TODD JONES, DEFENDANT-APPELLANT.



MARK D. FUNK, CONFLICT DEFENDER, ROCHESTER (KATHLEEN P. REARDON OF COUNSEL), FOR DEFENDANT-APPELLANT.

SANDRA DOORLEY, DISTRICT ATTORNEY, ROCHESTER (DANIEL GROSS OF COUNSEL), FOR RESPONDENT.



Appeal from a judgment of the Monroe County Court (Victoria M. Argento, J.), rendered November 20, 2014. The judgment convicted defendant, upon his plea of guilty, of burglary in the first degree.

It is hereby ORDERED that the judgment so appealed from is unanimously reversed on the law, the plea is vacated, and the matter is remitted to Monroe County Court for further proceedings on the indictment.

Memorandum: Defendant appeals from a judgment convicting him upon his guilty plea of burglary in the first degree (Penal Law

§ 140.30 [4]).
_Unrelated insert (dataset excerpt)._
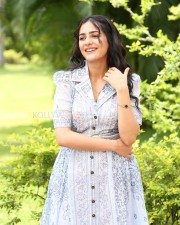 Actress Khushboo Choudhary at Uruku Patela Teaser Launch Photos 18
We agree with defendant that he is entitled to vacatur of his guilty plea because County Court violated his right to counsel when it failed to conduct a sufficient inquiry into his complaint regarding defense counsel's representation of him. "Under our State and Federal Constitutions, an indigent defendant in a criminal case is guaranteed the right to counsel" (People v Medina, 44 NY2d 199, 207 [1978]; see US Const, 6th Amend; NY Const, art I, § 6; People v Linares, 2 NY3d 507, 510 [2004]). Consistent with that guarantee, trial courts have the "ongoing duty" to " carefully evaluate serious complaints about counsel' " (Linares, 2 NY3d at 510, quoting Medina, 44 NY2d at 207; see People v Sides, 75 NY2d 822, 824 [1990]).
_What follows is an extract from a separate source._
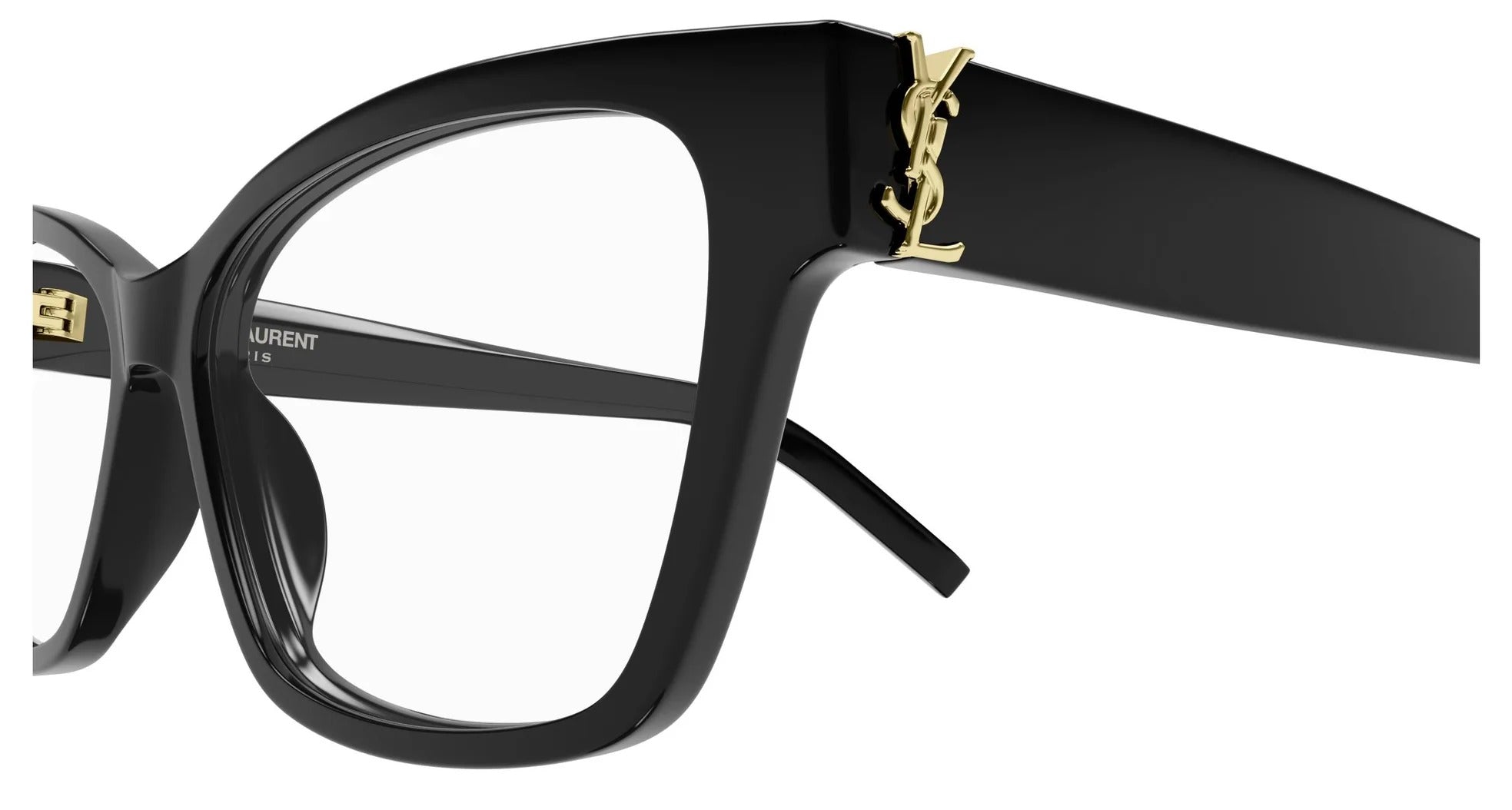 Eyeglasses SL M116 001 black black transparent 55/14/140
Whether to grant a defendant's request to substitute counsel is "within the discretion and responsibility' of the trial judge" (People v Porto, 16 NY3d 93, 99 [2010], quoting Medina, 44 NY2d at 207), and "a court's duty to consider such a motion is invoked only where a defendant makes a seemingly serious request[ ]' " (id. at 99-100, quoting Sides, 75 NY2d at 824). It is therefore "incumbent upon a defendant to make specific factual allegations of serious complaints about counsel' " (id. at 100, quoting Medina, 44 NY2d at 207). If a defendant makes such a showing, "the court must make at least a minimal inquiry,' and discern meritorious complaints from disingenuous applications by inquiring as to the nature of the disagreement [with counsel] or its potential for resolution' " (id., quoting Sides, 75 NY2d at 825).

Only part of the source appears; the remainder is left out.